Laurina Paperina, l'artista del paradosso
La giovane trentina in mostra da Raffaelli a Palazzo Wolkenstein
TRENTO. Come ben si sa ogni luogo o incontro può essere la molla che ti proietta oltre la dimensione fisica e psichica del momento. Ciò avviene quando i nostri sensi sono aperti al mondo, sono rapaci e voraci, tesi a cogliere e approfittarne di tutti gli elastici possibili per cavalcare la grande onda che ci conduce ad attraversare i labili confini tra i mondi di sotto e quelli di sopra, tra la realtà e l'immaginario. E non sappiamo bene quale dei mondi paralleli possa essere quello vero o un simulacro. Questo capita quando ci troviamo di fronte ad un'icona, esente dalla prospettiva, dal concetto nostro di tempo e di spazio, incompatibile con la pittura dominante in occidente. Meditandola essa ci conduce in un mondo fatto di luce e di immagini metafisiche. Ci proietta in un'altra dimensione.
Guardando un'icona si materializzano gli infiniti legami tra le cose e le idee. Questo perché abbiamo superato una soglia, una porta regale. Scavalcando la breve pietra che delimita il grande atrio di pietra di Palazzo Wolkenstein, a Trento, sede dello Studio d'Arte Raffaelli, dagli avvolti protettivi dei saloni affrescati con maniera, ci imbattiamo in un'altra soglia. Superandola troviamo di fronte a noi il mondo di Laurina Paperina.
Sono frammenti di una società, la nostra, arrivata ai confini della deriva etica, icone specchianti le vertebre di uno spot infinito dove il quotidiano è catapultato sul palcoscenico dell'ironia, della dissacrazione. Laurina Paperina surreale artista che gioca d'azzardo con l'assemblaggio di motivi paradossali? Sembrerebbe di si. Tutto il suo mondo nato dal fantasticare dei ragazzi che dietro un angolo cercano di misurare chi lo ha più lungo viene decontestualizzato e ricontestualizzato attraverso un percorso di associazioni, di mescolamenti e contaminazioni tipico del mondo dei fumetti e dei gadget e ormai inusuale per il mondo dell'arte.

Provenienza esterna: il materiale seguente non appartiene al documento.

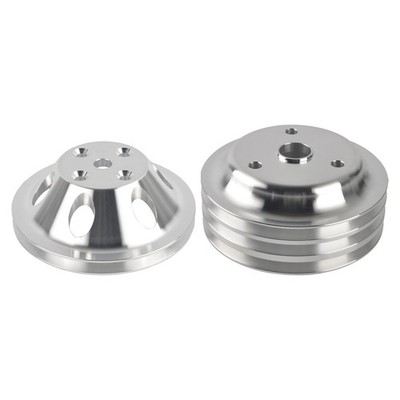 1&3 Groove Aluminum Long Water Pump Pulley For Small Block Chevy SBC 327 350 383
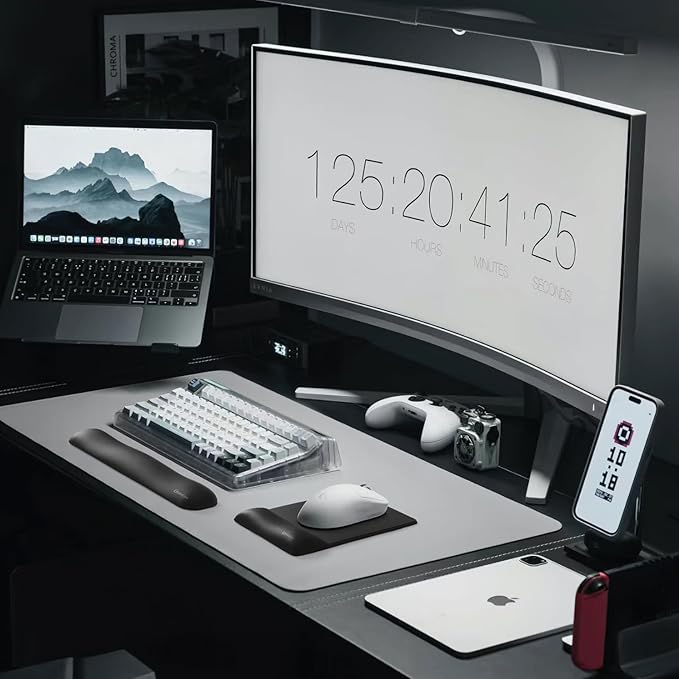 UnivoColors Design-Wave Wrist Rest Mouce Pad,PE Mouse Sliding Panel+Artificial Sheepskin+Memory Foam+Ergonomic+Anti-Slip Gel,Resilience Support During Work and Gaming,Mouce Accessory,White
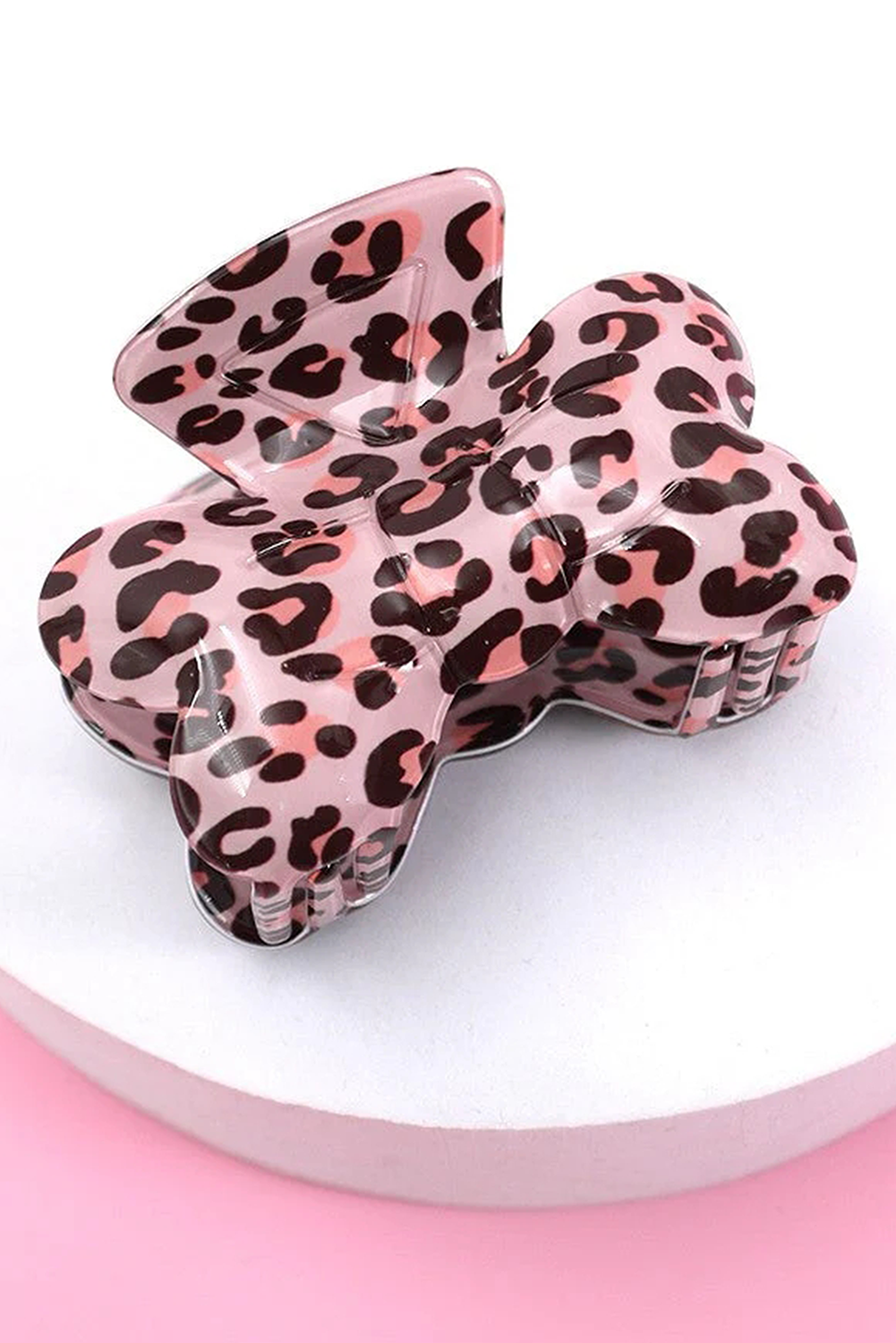 Pink Leopard Print Hair Claw Clip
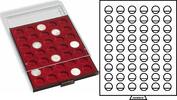 54 2 euro Muntbox rond voor 54 2 euro's donkerrood -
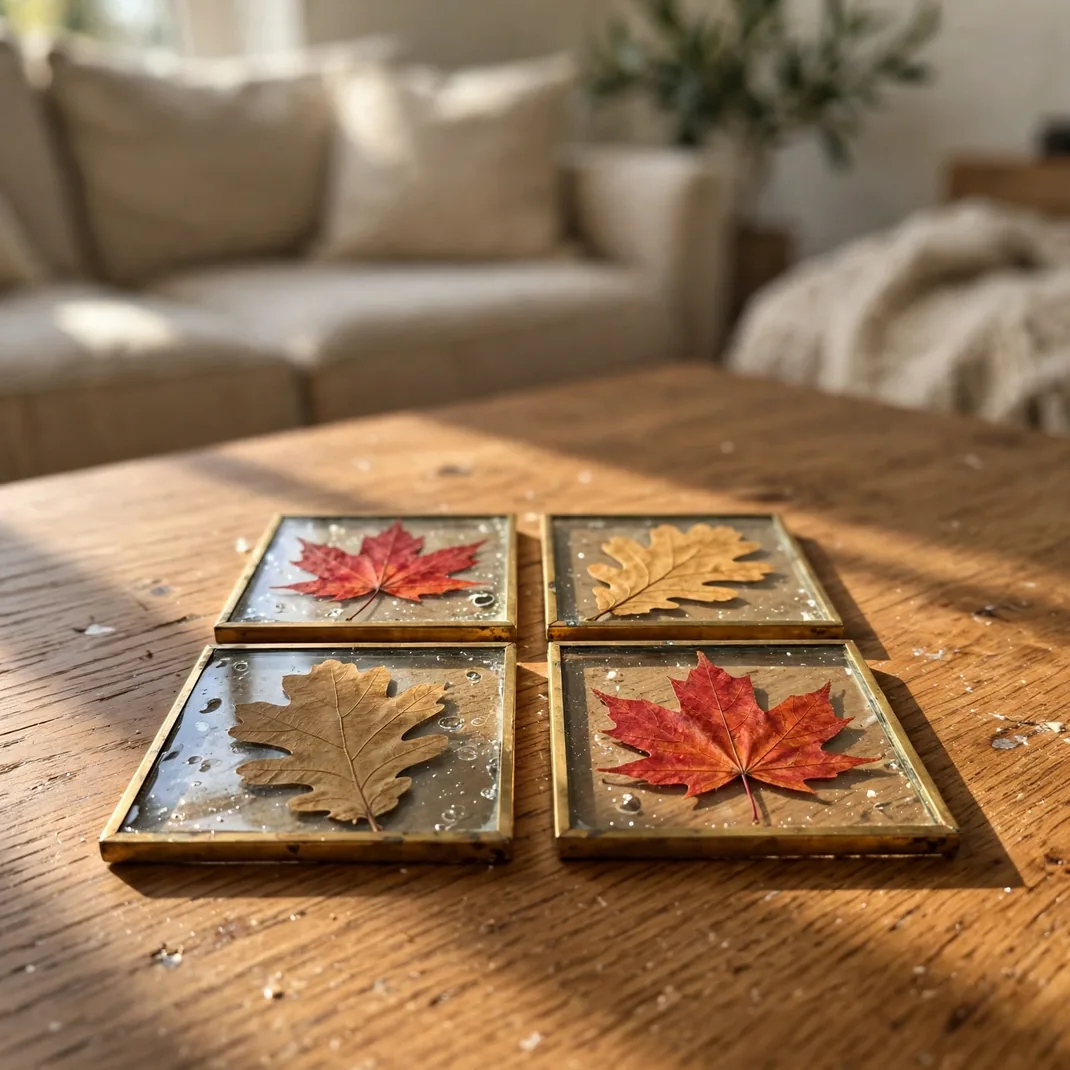 Design 01 Pressed Leaf Glass Coasters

L'artista ci mostra l'estrema idiozia della nostra società che si è aperta molte vie per diffondersi a tutti i livelli. Lo fa come lo può fare un saltimbanco di un mercato delle pulci: piroettando da un'icona all'altra, tagliando e ricucendo, sottraendo e accostando. Sempre comunque sorridendo, facendo intravedere la bianca dentatura della cacciatrice che affonda le proprie mani nel magma di una realtà ormai talmente assurda, folle, falsa, mistificata e profondamente puzzolente.
Più che le sue immagini irriverenti mi colpisce il suo modo di fare tutto questo. Lo accomuno a quei vagabondi siri che nel IV secolo dopo Cristo erravano per le città mediorientali, turbando la pace della Chiesa e dello Stato, per manifestare la propria condizione di stranieri e di avventizi in questo mondo. Perché a quel tempo il vero cristiano, come veniva descritto dal Nuovo Tesamento, doveva essere straniero in questa terra, abitante di tutte le città e di tutte le nazioni e allo stesso tempo figlio soltanto del mondo. Oppure dietro Laurina Paperina si nasconde il cuore e la mente di un vagabondo mistico russo, pellegrina nel mondo delle immagini, in continuo movimento perché ormai non ci sono più colonne di marmo che segnano il cammino della sicurezza.
Più che le sue opere mi affascina questo modo di essere, il riconoscimento di una certa sacralità del suo porsi come mendicante vagabonda dell'immaginario fantastico contemporaneo, la grande capacità di ridere dove non si deve e di piangere dove si ride. L'inversione del mondo è la metafora del mondo alla rovescia, del paese della Cuccagna. I suoi lavori sono partoriti da cosce erotiche di improbabili Semele, venuti alla luce in un mondo su cui non primeggia la realtà che ci raccontano i giornali e i politici ma la metafisica di un Ubu Roy scatenato.
Benvenuta Laurina Paperina nel perverso quanto ricchissimo mondo della patafisica, una delle poche armi filosofiche che oggi noi possediamo per farci uno sberleffo di tutto quello che sta fuori, tra le vetrine di un negozio e l'ignoranza dell'essere.